You say that 'schools should teach children table manners' as a kind of leveller...well yes, that's a laudable aim
No it's not, it's bollocks. It's like saying that school should teach everyone to speak with a middle class accent to help social levelling.
 
OK, teaching some kids to eat with a knife and fork would be a laudable aim.
And teaching them to brush their teeth and wipe their arse as well? Who doesn't know how to eat with a knife and fork? I mean, badly enough that it's a problem? Aha, you mean indian people who eat withtheir fingers, and chinese people who eat with chopsticks. It's worse than I thought :mad:
 
And teaching them to brush their teeth and wipe their arse as well? Who doesn't know how to eat with a knife and fork? I mean, badly enough that it's a problem? Aha, you mean indian people who eat withtheir fingers, and chinese people who eat with chopsticks. It's worse than I thought :mad:

Whatever.
 
Is there a middle-class way of holding a knife and fork? :confused:

I think weltweit was referring to dinner etiquette, such as cutlery selection and use.

Random - I can only relate my mum's experience as an infant school TA a few years ago when there were kids coming in at 4 (from white families) who had to be taught to use a knife, fork and spoon. But clearly her experience of this doesn't accord with yours. The accusation of implied racism was nice too.
 
I think weltweit was referring to dinner etiquette, such as cutlery selection and use.

Random - I can only relate my mum's experience as an infant school TA a few years ago when there were kids coming in at 4 (from white families) who had to be taught to use a knife, fork and spoon. But clearly her experience of this doesn't accord with yours.
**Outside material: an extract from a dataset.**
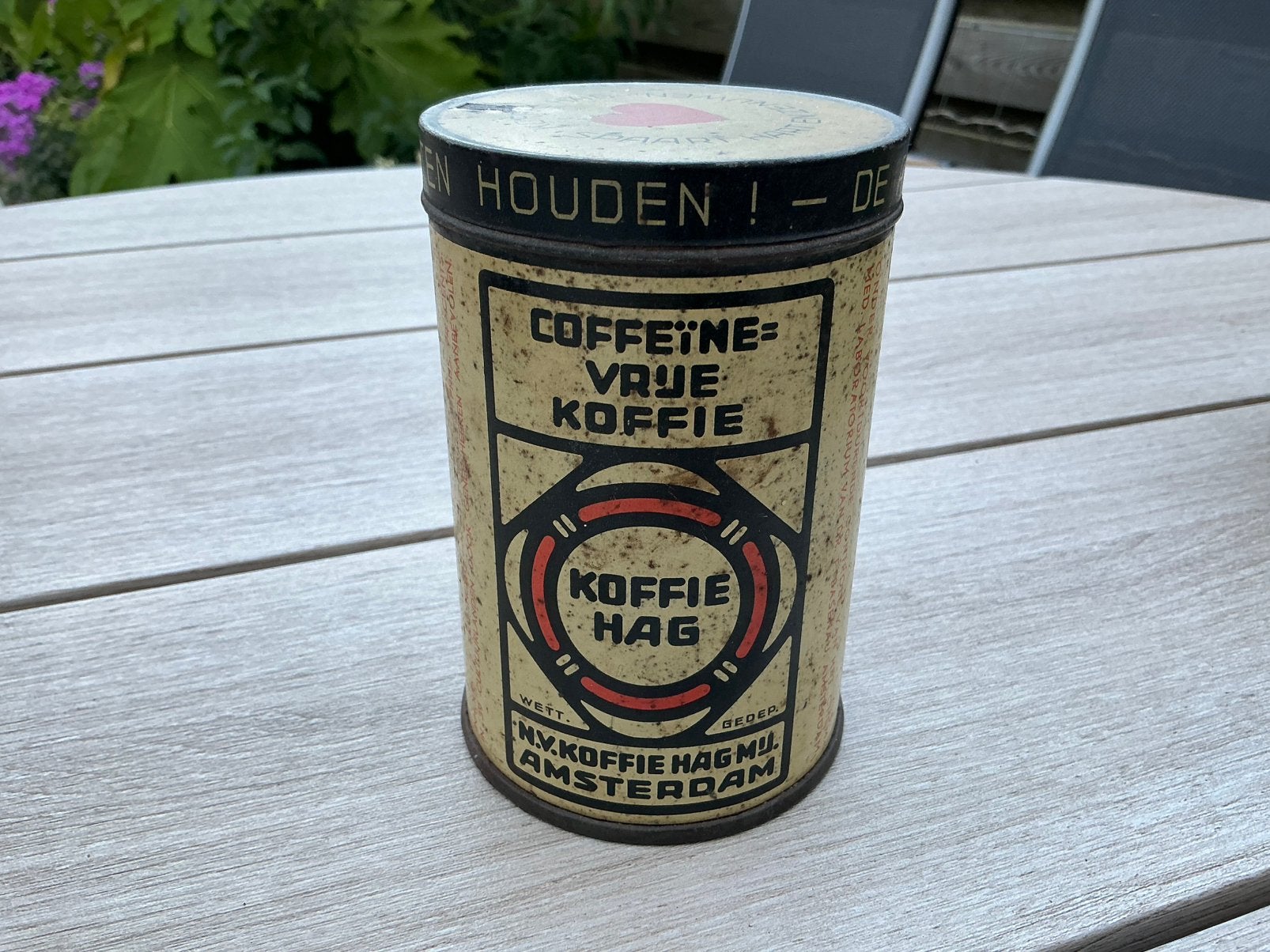 Antiek blikje Koffie HAG, Verzamelen, Blikken, Ophalen of Verzenden, Gebruikt, Koffie, Overige merken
The accusation of implied racism was nice too.

How many smilies do I have to use to indicate that I'm not being seriousl, you dope?
 
And teaching them to brush their teeth and wipe their arse as well? Who doesn't know how to eat with a knife and fork? I mean, badly enough that it's a problem? Aha, you mean indian people who eat withtheir fingers, and chinese people who eat with chopsticks. It's worse than I thought :mad:

White kids at the primary school where my other half teaches (these are not reception age children); they very rarely use cutlery at home.

Louis MacNeice
 
IMO four years old is too young to go to school, you'll have kids at that age who can't wipe their own arese either. But this is a long way from some kind of social class levelling nonsense.
 
Unsurprising, since LLETSA is arguing like a moralistic hippy here :p


The only thing that's surprising is that you are being uncharacteristically moronic.

For example, I haven't said anything even remotely moralistic.
 
Which experts are these then?
I'm guessing that you're rubbishing Stuart Hall et all. The people who've spent years discussing the models of how media influences people. A discussion that apparently you don't want to have because it's all so 'obvious' and you'd rather claim that people like me think that the mass media has no effect, despite my stated view to the contrary. Has too much MTV rotted your brain?
 
I'm guessing that you're rubbishing Stuart Hall et all. The people who've spent years discussing the models of how media influences people. A discussion that apparently you don't want to have because it's all so 'obvious' and you'd rather claim that people like me think that the mass media has no effect, despite my stated view to the contrary. Has too much MTV rotted your brain?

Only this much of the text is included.